If the key was out and it started, the ignition interlock and switch is done. 

Be careful and post up and update. Get a voltmeter/test light and start from the bottom up.


----------



## rusty baker (Feb 13, 2009)

could be a short.


----------



## jpearson311 (Dec 29, 2009)

Windows on Wash said:


> If the key was out and it started, the ignition interlock and switch is done.
> 
> Be careful and post up and update. Get a voltmeter/test light and start from the bottom up.

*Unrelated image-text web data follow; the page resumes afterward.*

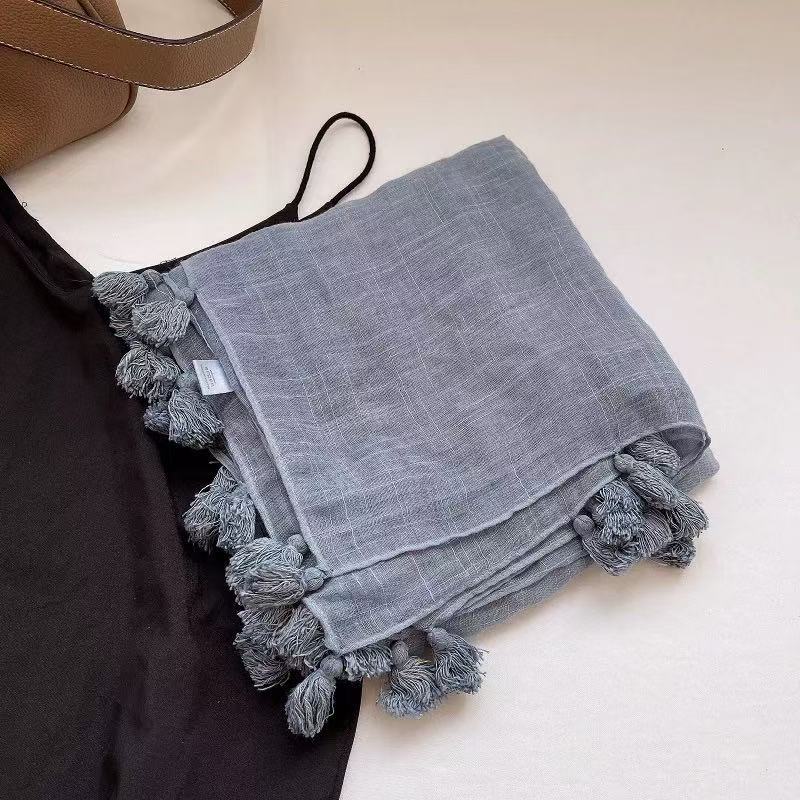 Artistic chic versatile long cotton scarf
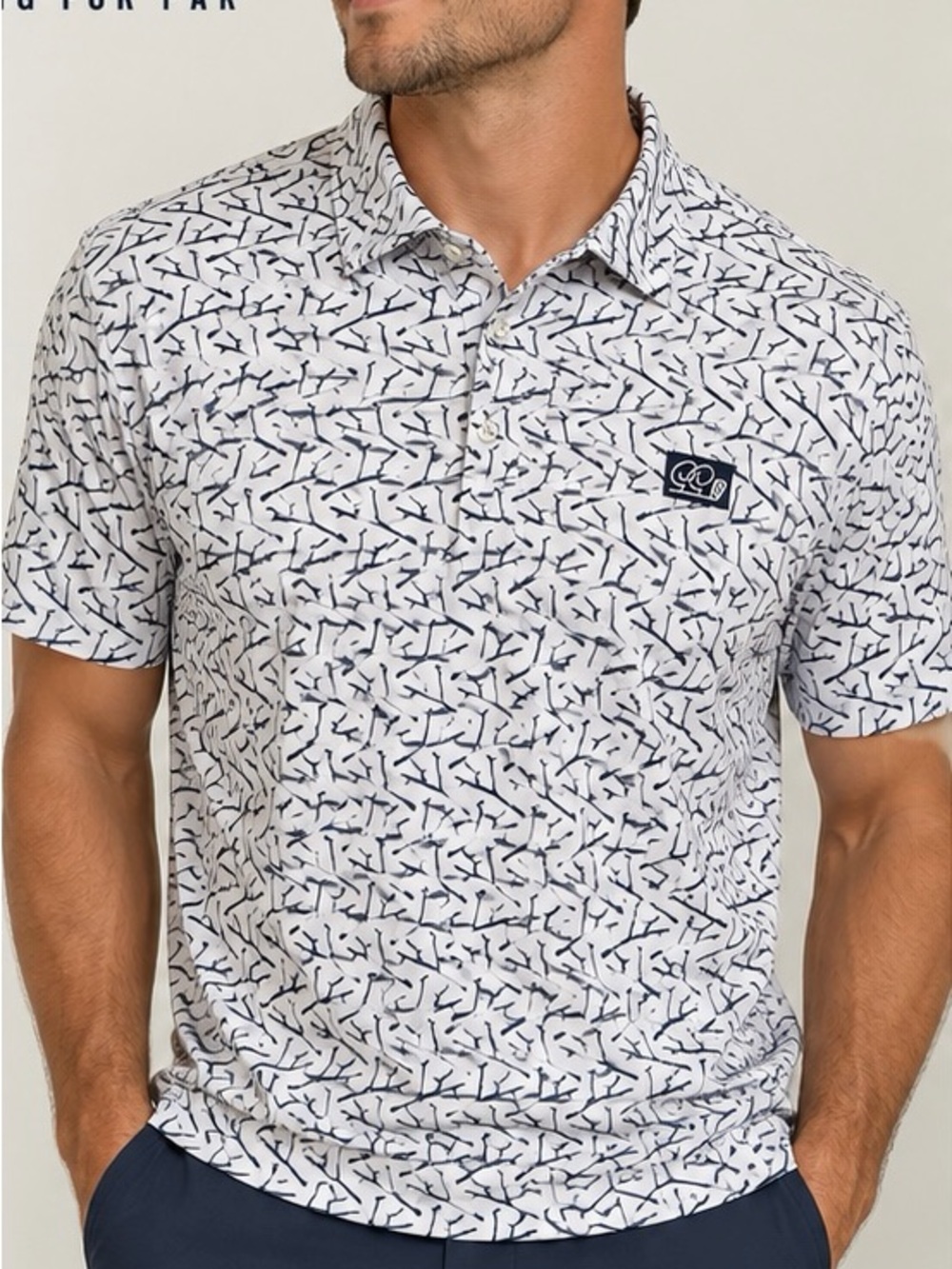 Good Good Golf Fighting for Par Polo XL Golf Performance Geometric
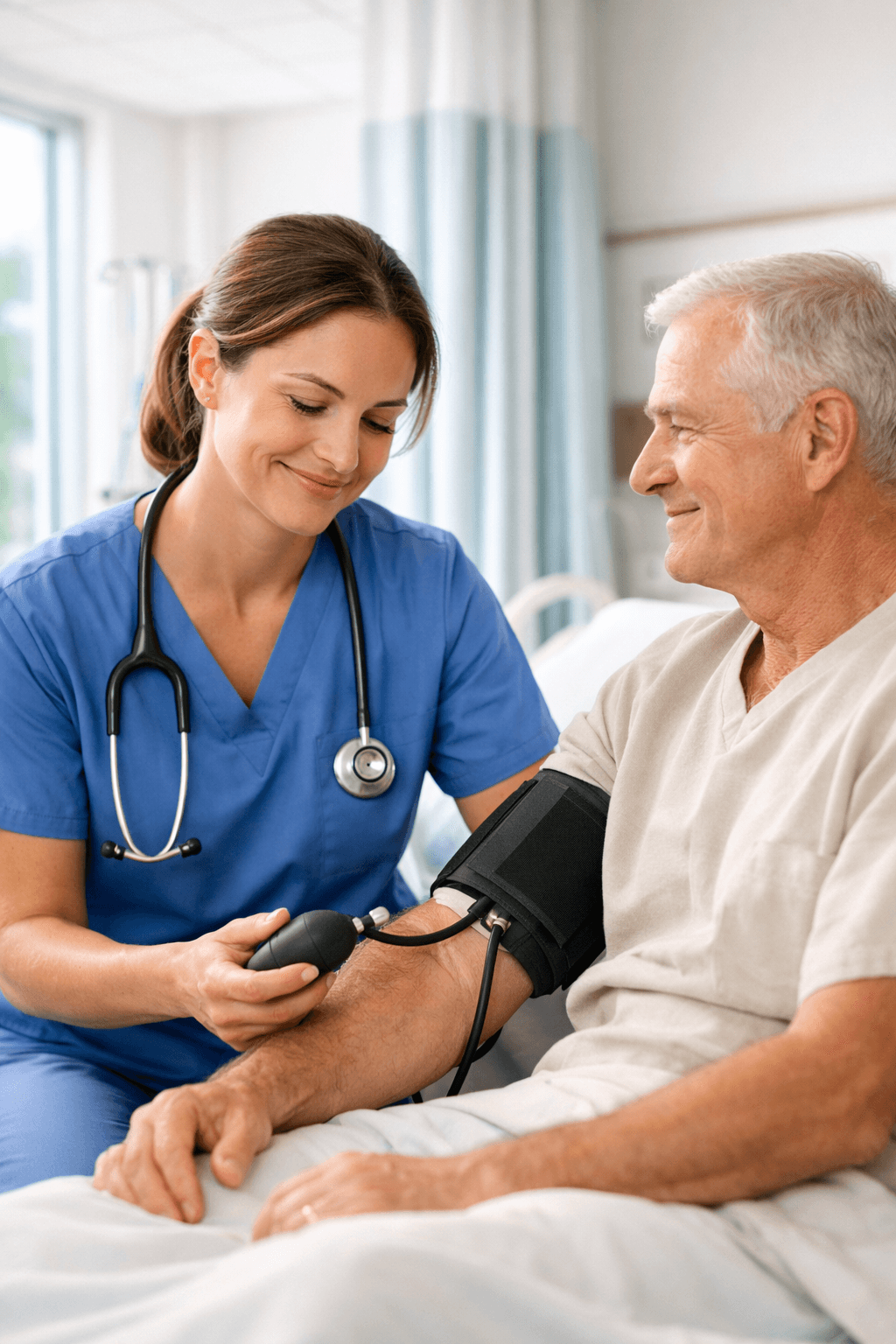 Nurse walking through a hospital hallway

What is the ignition interlock and what do you mean start from the bottom up? Thanks!

Jesse


----------



## danpik (Sep 11, 2011)

Sounds like a bad/stuck solenoid. The ignition interlock only allows the power to get to the solenoid via the ignition switch. The solenoid is simply a switch in the positive cable from the battery to the starter. To verify this, unhook the small "hot" wire from the solenoid and hook the battery back up. This is the wire that energizes the solenoid to complete/close the circuit. If it still turns over then the solenoid is stuck in the closed position. Pretty unusuall, but I have seen it happen. If it does not turn over, then the problem lies in the ignition switch circuit.


----------



## 47_47 (Sep 11, 2007)

Try to safely do as much troubleshooting while the problem is active.

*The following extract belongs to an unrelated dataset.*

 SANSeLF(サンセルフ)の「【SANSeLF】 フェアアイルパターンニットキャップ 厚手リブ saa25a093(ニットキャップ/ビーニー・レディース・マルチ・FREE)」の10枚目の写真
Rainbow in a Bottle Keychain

With both ends of the battery disconnected, check for continuity across the solenoid. You can use a dvom and measure resistance. If the resistance is zero (continuity), the solenoid is stuck.

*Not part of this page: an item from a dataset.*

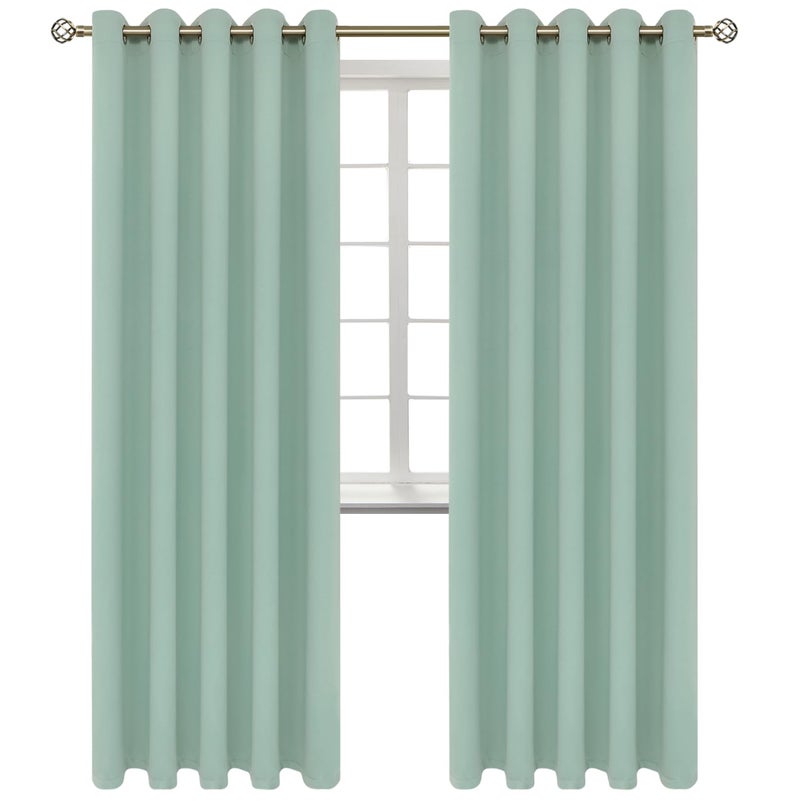BGment Blackout Curtains - Grommet Thermal Insulated Room Darkening Bedroom and Living Room Curtains  Set of 2 Panels (70 x 63 Inch  Frosty Green) - Image 1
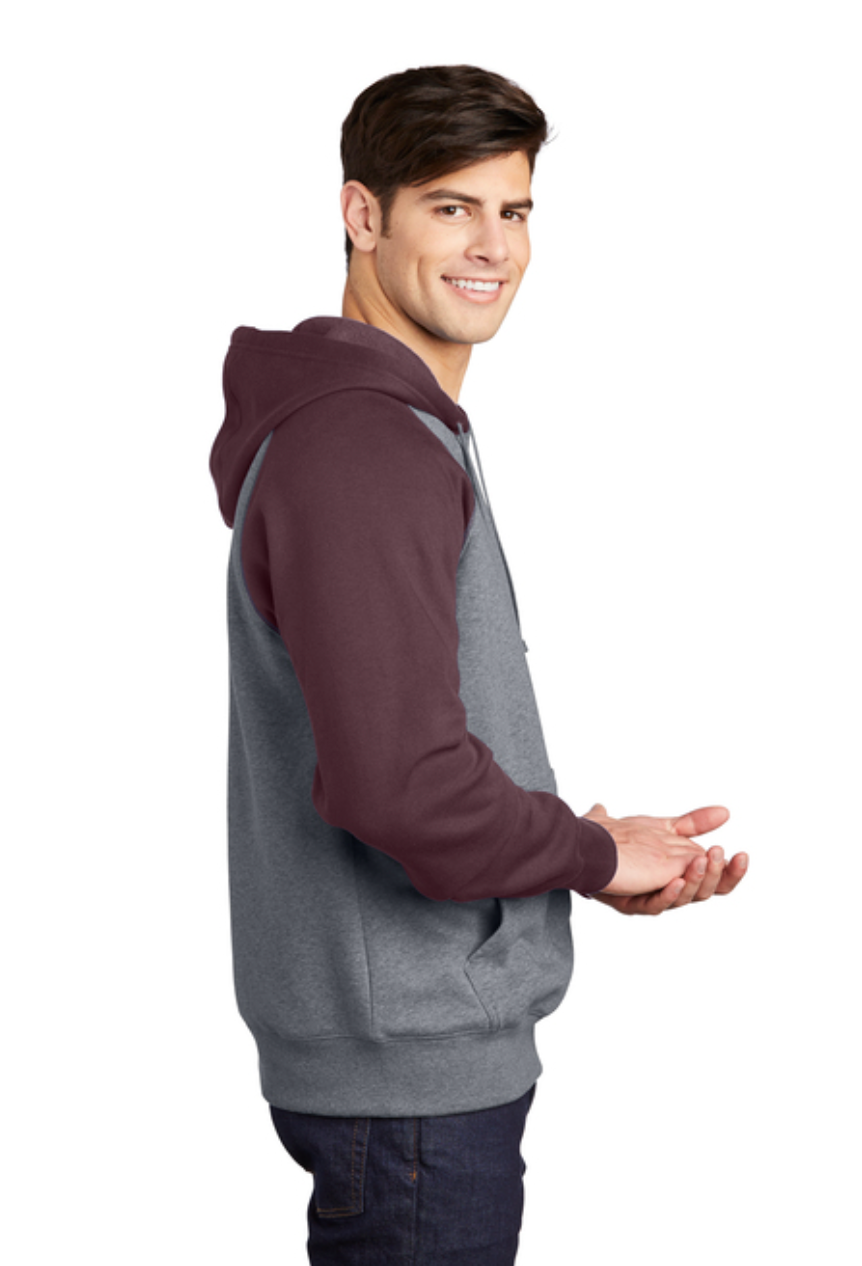 Adult Unisex Vintage Distressed New Albany Eagles Graphic Sport-Tek® Raglan Colorblock Hoodie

Let us know the results of this test and how many small leads the solenoid has connected.


----------



## joed (Mar 13, 2005)

The solenoid coil wire could be shorted activating the solenoid.


----------



## Willie T (Jan 29, 2009)

Dunno what it is, but I want to be your auto parts guy. I might sell you a whole engine next. :whistling2:


----------



## Maintenance 6 (Feb 26, 2008)

If you saw smoke on the drivers side, low, at the rear of the engine, then I would check the ignition switch. The actual electrical ignition switch is close to the floor, mounted on top of the steering column tube. A rod runs up to the key switch. There may be a short in the wiring near near that switch. I am assuming that the truck is stick shift, but if it's automatic, then the neutral safety switch at the base of the steering column too. You could have a short there. Unplug them and inspect the connectors. Look for any burned tape or wrapping.


----------



## beenthere (Oct 11, 2008)

I don't like this kind of thread. The Op has a dangerous situation going on. And with no update, we don't know if he got seriously injured. Or managed to fix it, and all is ok.


----------